Huw George: “No comment”

THE ANNOUNCEMENT by Milford Central County Councillor Stephen Joseph that he is to form a new group on Pembrokeshire County Council is reported elsewhere in this paper. 

In an effort to find out how much support Councillor Joseph is likely to gather, the Herald attempted to contact every county councillor to find out where they stood. At the same time, we asked each councillor whether they supported the protest scheduled for County Hall on Friday, August 8. In order to ensure each councillor had the option of declaring their position in the public interest, each of them was also sent two emails, in some cases to multiple addresses, and given two phone calls.

From the 56 councillor’s polled by this paper’s deadline, we had received just 27 replies IPPG uber-loyalist Daphne Bush hung up on our reporter, rather than answer the first question. When rung to answer the second, she hung up again. Based on Councillor Daphne’s demonstrably less than independent turn of mind, we guessed that she did not know how to answer as she had not yet been told what to say. Pearl Llewellyn was more forthcoming. She told us that she had no intention of joining Pembrokeshire First, but did say that she was more than likely to support Friday’s action. Our reporter John Vaughan soon discovered that word had got around amongst IPPG members that these questions were being asked, and it appears the advice given, within the group, was to refuse to answer the key question as to whether or not they supported their workers’ protest.

Former Cabinet member Ken Rowlands hung up when asked about Pembrokeshire First and declined to answer whether or not he supported the workers’ protest. Fellow Labour turncoat Umelda Havard was another to hang up on our reporter when asked about Pembrokeshire First and would not comment on the protest against Bryn Parry Jones. IPPG members Lyndon Frayling and Huw George offered no comment to either question. From the members that were prepared to answer these two simple and direct questions, The Herald received some very strong comments. Councillor Peter Stock said: “As a member of the Pembrokeshire Alliance, we are determined to put Pembrokeshire first, and provide a quality service that the people of our county richly deserve.

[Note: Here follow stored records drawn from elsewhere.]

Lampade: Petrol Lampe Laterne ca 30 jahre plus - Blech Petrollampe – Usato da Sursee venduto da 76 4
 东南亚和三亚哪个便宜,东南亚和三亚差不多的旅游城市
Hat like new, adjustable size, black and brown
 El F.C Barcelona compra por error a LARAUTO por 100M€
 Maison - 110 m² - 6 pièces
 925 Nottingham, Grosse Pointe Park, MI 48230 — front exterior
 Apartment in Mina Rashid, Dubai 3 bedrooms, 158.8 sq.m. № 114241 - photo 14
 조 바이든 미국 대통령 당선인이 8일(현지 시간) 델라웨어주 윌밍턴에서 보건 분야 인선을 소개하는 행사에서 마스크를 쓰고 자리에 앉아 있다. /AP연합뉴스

So why try to form a new group with a similar idea and objectives?” Jacob Williams responded by stating: “I am not interested in joining Pembrokeshire First. I was elected independent and I will remain independent; as an unaffiliated member.” Predictably, Michael Williams, of Plaid Cymru, claimed Cllr Joseph ‘was deserting a sinking ship’. On the protest he said: “It is a sad state of affairs when we see this type of action, and it shows the failure of the controlling group to get a grip and give some firm political direction. Firstly by suspending the CEO until the investigation is completed. Secondly by admitting their failures and apologising to Pembrokeshire Taxpayers for the continued disastrous news stories that flow from this failing Authority. “I support that staff, and I have great sympathy for them. They see their pay cut or frozen, while the CEO seems to receive huge increases in salary. It is incredible to remember that he was appointed in 1996 on a salary of £60k.

The question must be asked of those that sat on the Senior Staff committee and authorised these obscene increases.” Anthony Wilcox, from the Labour Group, made his position clear: “I have no interest myself in joining Stephen Joseph’s group/party. However, if it leads to the downfall of the current ‘bought and paid for’ mob, I welcome it.” Councillor Tony Brinsden said: “I am an Independent (dictionary definition) member and intend to remain that way. Since being elected two years ago Cllr Joseph has changed his allegiance twice so who knows where he might be in a year’s time.”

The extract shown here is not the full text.